If Morning Ever Comes

1

When Ben Joe Hawkes left home he gave his sister Susannah one used guitar, six shelves of National Geographic , a battered microscope, and a foot-high hourglass. All of these things he began to miss as soon as he hit New York. He considered writing home and asking for them — Susannah probably hadn’t even listened when he gave them to her — but he figured she might laugh at him. His family was the kind that thought only children during their first summer at Scout camp should miss anything. So he kept quiet about what he missed and just dropped Susannah a postcard, with a picture on it of the UN building by night, asking if she had learned to play the guitar yet. And six weeks later he got a card back, but not the picture kind, postmarked Sandhill, N.C., and badly rained-on. He turned the card over and learned, from Susannah’s jet-black, jerky script, that she had just changed to a job with the Sandhill School Library and was getting rich and could have her hair done every week now. She signed it “So long — S,” and then there was a P.S. saying she was going to start learning to play the guitar tomorrow. Ben Joe read this over two or three times, although what she had said was perfectly clear: she had only just now remembered that the guitar existed. Probably she had got up in the midst of doing something else to drag it from his closet and twang the slack strings, but having discovered that she wasn’t born knowing how to play and might have to work at it awhile she had dropped it again and drifted on to something else that came to mind. Ben Joe thought about starting up a whole string of cards — asking on the next one, for instance, whether that hourglass was still keeping time okay — until she got snappy with him and packed everything up and sent it to New York. But Susannah was flighty, like almost all his sisters, and rarely finished anything she started reading even if it was as short as a postcard; he didn’t think she would notice that he might be missing something. So he stopped the postcards and just wrote his regular letters after that, addressed to the family as a whole, asking about the health of his mother and all his sisters and saying he thought of them often.

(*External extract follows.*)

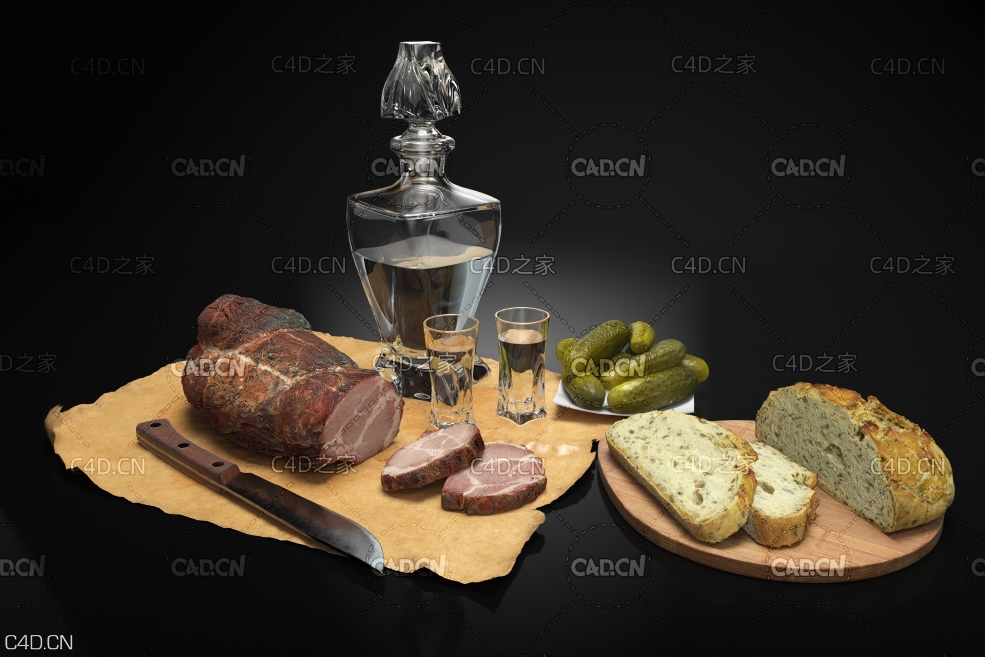 营养早餐食物烤肉面包食品C4D模型 food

By then it was November. He had left home late in August, just after his twenty-fifth birthday, to start law school at Columbia, and although he was doing well, even with three years of empty space behind him since college, he didn’t like Columbia. On campus the wind up from the river cut clean through him no matter what he wore, and his classmates were all quick and sleek and left him nothing to say to them. They looked like the men who modeled Italian wool jackets in men’s magazines; he plodded along beside them, thin and shivering, and tried to think about warm things. Nor did he like law; it was all memory work. The only reason he had chosen it was that it was at least practical, whereas the other ideas he had had were not, and practicality was a good thing when you headed up a family of six women. So all through September, October, and most of November he sat through Columbia’s law classes and jiggled one foot across his knee and peeled his fingernails off.

On this particular Thursday the wind was so cold that Ben Joe became personally angry at it. He stepped out of the law building, pulling his collar up over his ears, and the wind suddenly hit him full in the face and left him gasping. That decided him; he changed direction and headed toward the apartment. Lately he had taken to spending the really cold days in bed with a murder mystery, and he was beginning to think he should have done that this morning.

On Broadway he stayed close to the buildings, hoping that there would be less wind there. He passed the brass nameplate on one of the concrete walls and for an instant saw his face reflected there, made yellow by the brass, with his mouth open and his jaw clenched and his teeth gnashed against the cold. If it had been any other day he would have smiled, and maybe stopped to peer into the brass until the passers-by wondered what he was doing, but not today. Today he only hunched his gray topcoat around him more securely and kept going.

His apartment was five blocks from the campus, in a tiny dark old building with unbelievably high, sculptured ceilings. Opening the front door of it took all the strength he had. And all the way up the three flights of stairs he could smell what every family had eaten for the last day and a half — mainly bacon and burnt beans, he gathered. Ordinarily the smells made him feel a little sick, but today they seemed warm and comforting. He climbed more quickly, making each wooden step creak beneath his feet. By the time he was at his own door and digging through his pockets for the keys he was whistling under his breath, even though his face was stiff with cold.

“That you?” his roommate called from the kitchen.

“It’s me.”

He took the key out of the door and slammed the door shut behind him. Inside it was almost as cold as it was in the street; all it needed was the wind. The living room was taller than it was wide, and very dark, with high-backed stuffed furniture and long, narrow windows that rattled when a gust of wind blew. The mantel and the coffee tables were bare and dusty. There were none of the flower pots and photographs and china do-dads that he was used to from the houseful of women in which he had been raised, but a huge clutter of other objects lay around — newspapers, tossed-off jackets, textbooks, playing cards. In the middle of the dark wooden floor was a square scatter rug colored like a chessboard, and ridiculously tiny plastic chess pieces sat upon it in a middle-of-the-game confusion.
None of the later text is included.